Entiendo perfectamente la emoción de quienes de buena fe, dedican su vida a resolver cuestiones que tienen que ver con el bien común, cuando pueden saborear los efectos positivos que produce sobre otras personas, el efecto de su trabajo como gestores de los asuntos públicos.
El aprendizaje de la vida comunitaria, nos ha permitido convivir razonablemente, tener acceso a un cuidado de la salud aceptable, poder disfrutar de las bellezas naturales o construidas y movernos con una tranquilidad razonable sin el temor a la agresión de nuestros semejantes.
El llamado “Estado de derecho”, es de esos constructos humanos imprescindibles, cuya virtualidad estriba en la garantía de que todo el mundo está sujeto al imperio de la ley y que una superestructura también sometida, compuesta de un entramado institucional equilibrado, nos garantiza seguridad y protección frente a desmanes de otros o de las propias instituciones.
La democracia y su correlato el “Estado de derecho”, se fundamentan en la voluntad colectiva de convivencia, en la asunción de responsabilidades que mas allá de lo individual, se orientan hacia el respeto de las cuestiones que propician, protegen y en definitiva garantizan la vida en sociedad, mediante el uso compartido y pacífico de las cosas comunes.
No sobran en un sistema democrático, ni los que aspiran a destruirlo para sustituirlo por una dictadura, ni los que concretan su idea de convivencia en torno a mitos que según ellos les hacen diferentes, siempre y cuando respeten las normas reguladoras de la convivencia y no incurran en la comisión de actividades consideradas legalmente como delictivas.
Pero el gobierno de las cosas públicas no es sencillo. Es cierto que se puede convivir teniendo visiones del mundo y de su devenir incluso contrapuestas, pero hay algo básico para la convivencia y es el respeto a las normas y la voluntad de convivir. Si falta una de ellas, las cosas se complican.
Sin voluntad de convivencia, en el mejor de los casos, nos convertiríamos en asociales y en el peor, podría llevarnos a ser delincuentes.
Y aquí entra en juego la segunda cuestión, que es la del respeto a la ley. Exprimir la ley hasta alcanzar el fino umbral del delito, pero sin rebasarlo, puede poner la convivencia en situaciones límite, o incluso generar situaciones que la distorsionan gravemente.
En estos tiempos, abundan los que bajo el paraguas de la libertad de expresión, se dedican a propalar infundios a diestro y siniestro, a generar y promover odios, fobias y comportamientos irracionales cuando no inhumanos, sobrepasando con creces los límites de lo razonable.

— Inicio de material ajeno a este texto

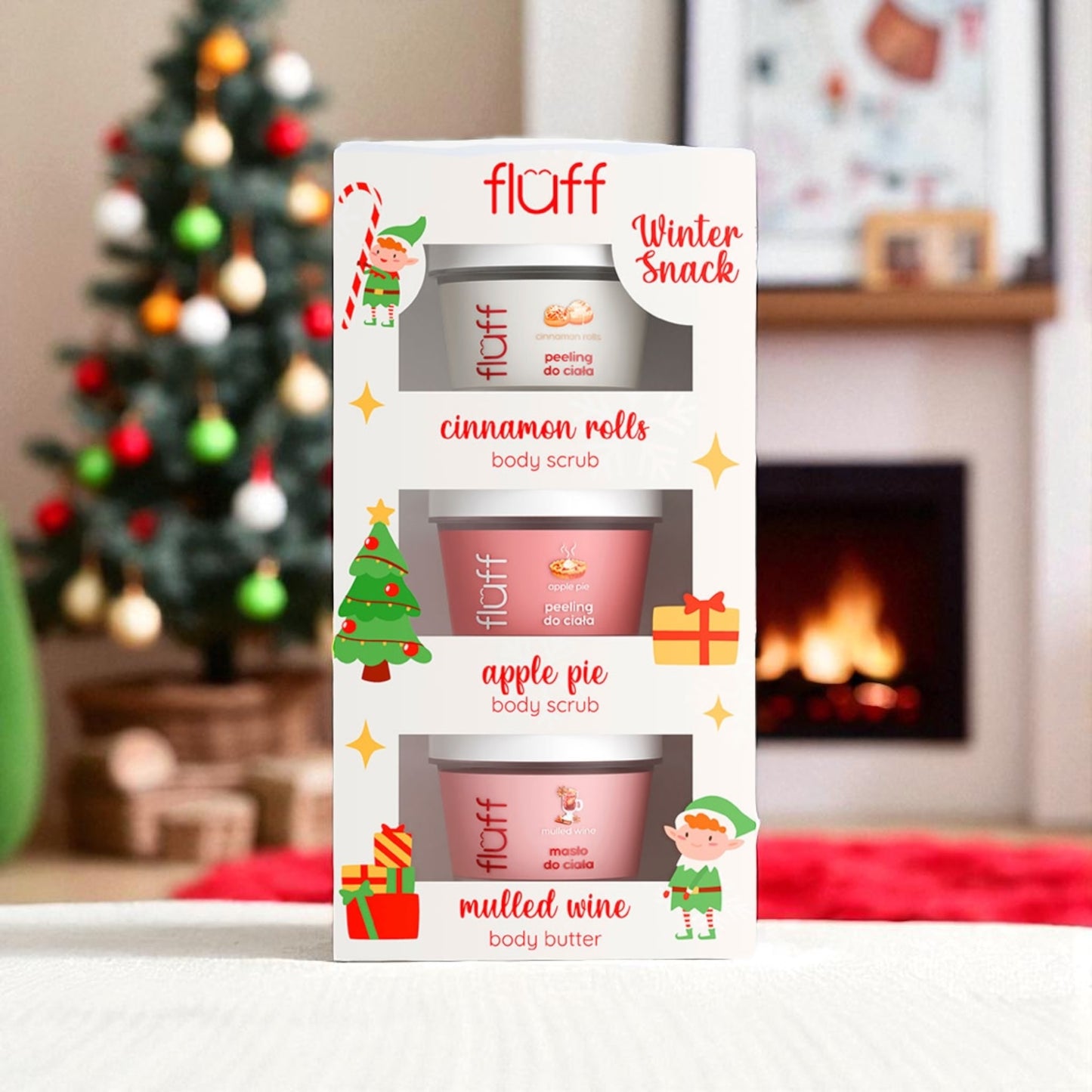 Coffret de Noël Corps - Édition Gourmande 🎄🥞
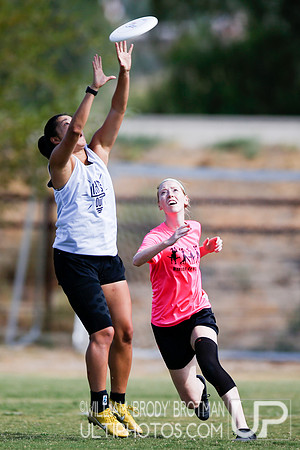 Day 1 of USA Ultimate TCT Select Flight Invite - West.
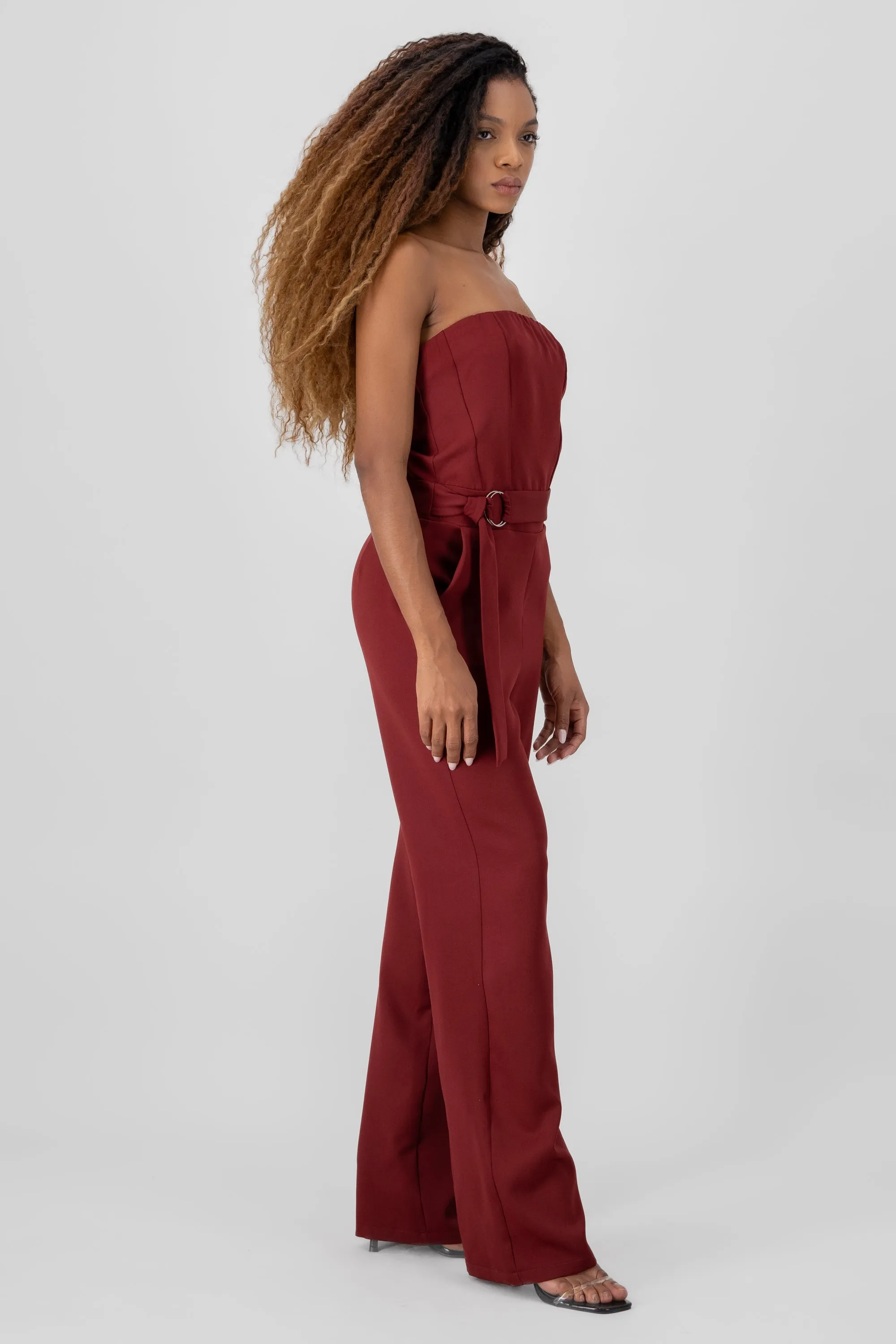 Jumpsuit strapples detalle cinturon sold by Shasa product image thumbnail 3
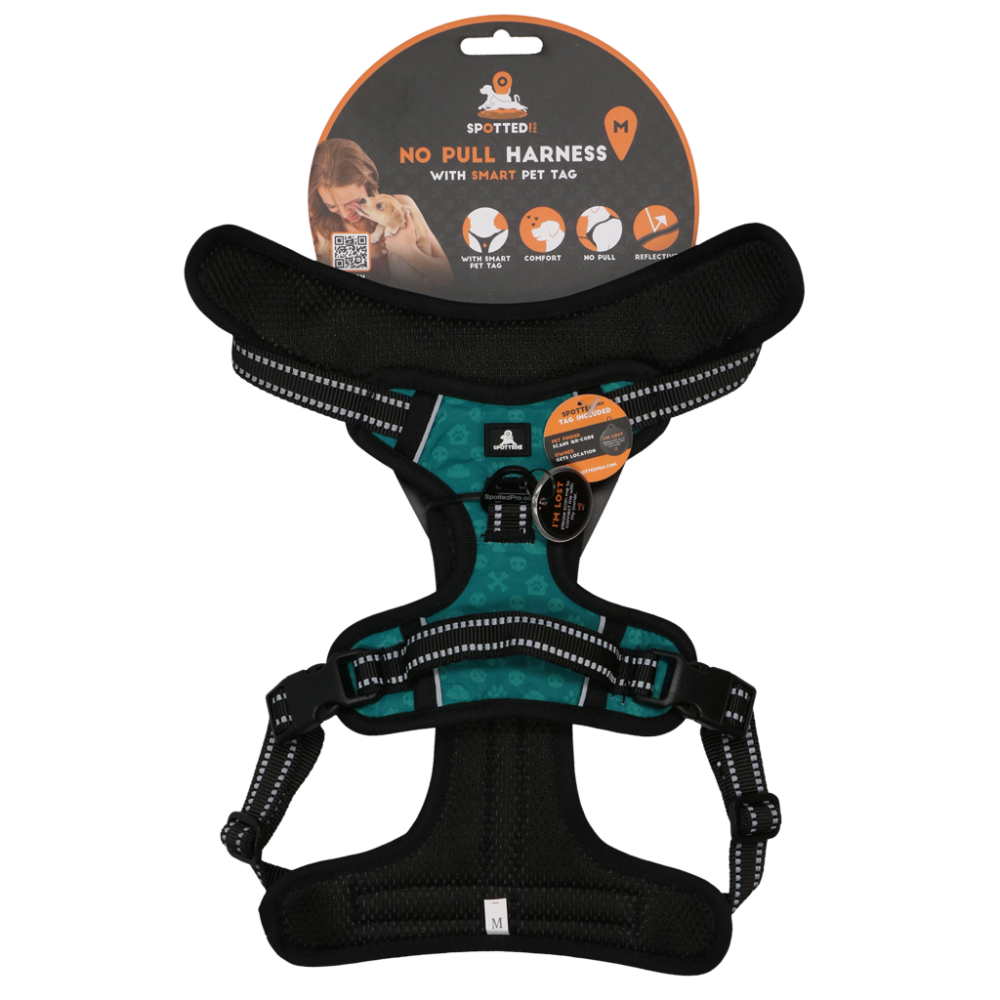 Spotted! PRO Harnas Groen M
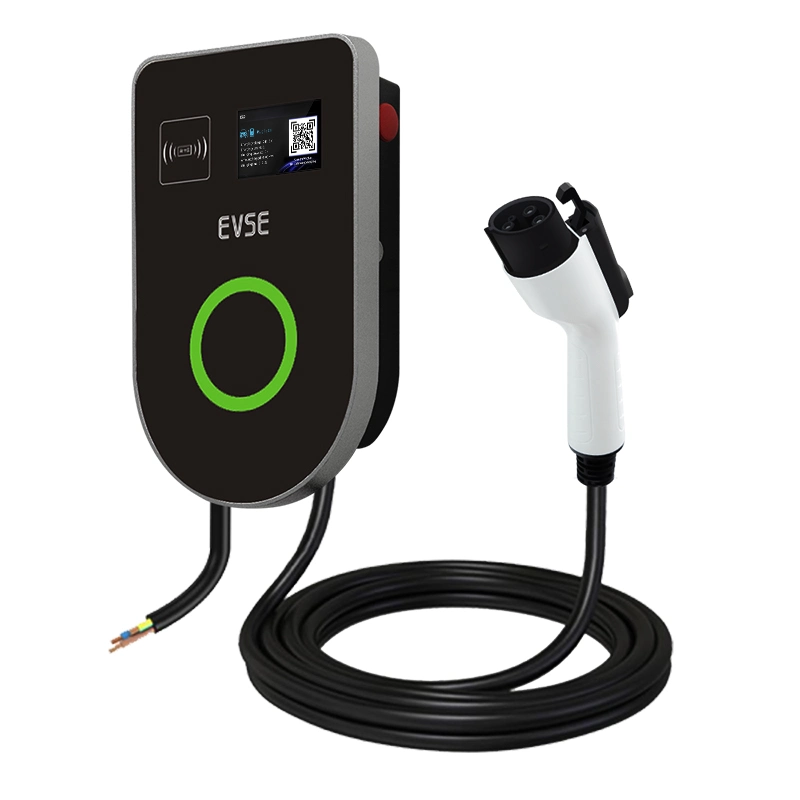 New 2024 Type 1 11.5kw Home Fast Electric Car Charging Station AC 48A Wallbox EV Car Charger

Las acusaciones de “pucherazo”, a imitación de las lanzadas desde el propio poder por los Trumph o Bolsonaro, son una de tantas tretas que pretenden poner la venda antes de la herida, que en el fondo, pretenden la deslegitimación del sistema democrático, se supone que para justificar su visión autoritaria del mundo y la legitimidad natural para imponerla.
Ni ser militar de carrera, ni ricachón profesional, ni mucho menos haber sido embajador ante la mismísima Santa Sede, da derecho a nadie, para propalar tan grotescas trapacerías.
Las cosas públicas que nos conciernen a todos como ciudadanos, deberían ser objeto de mas respeto. Quienes conscientes o no colaboran a la difusión de estos embustes, deberían intentar ser mejores personas. Algunos se lo agradeceríamos.
La “res pública” se merece un respeto. Ténganlo en cuenta.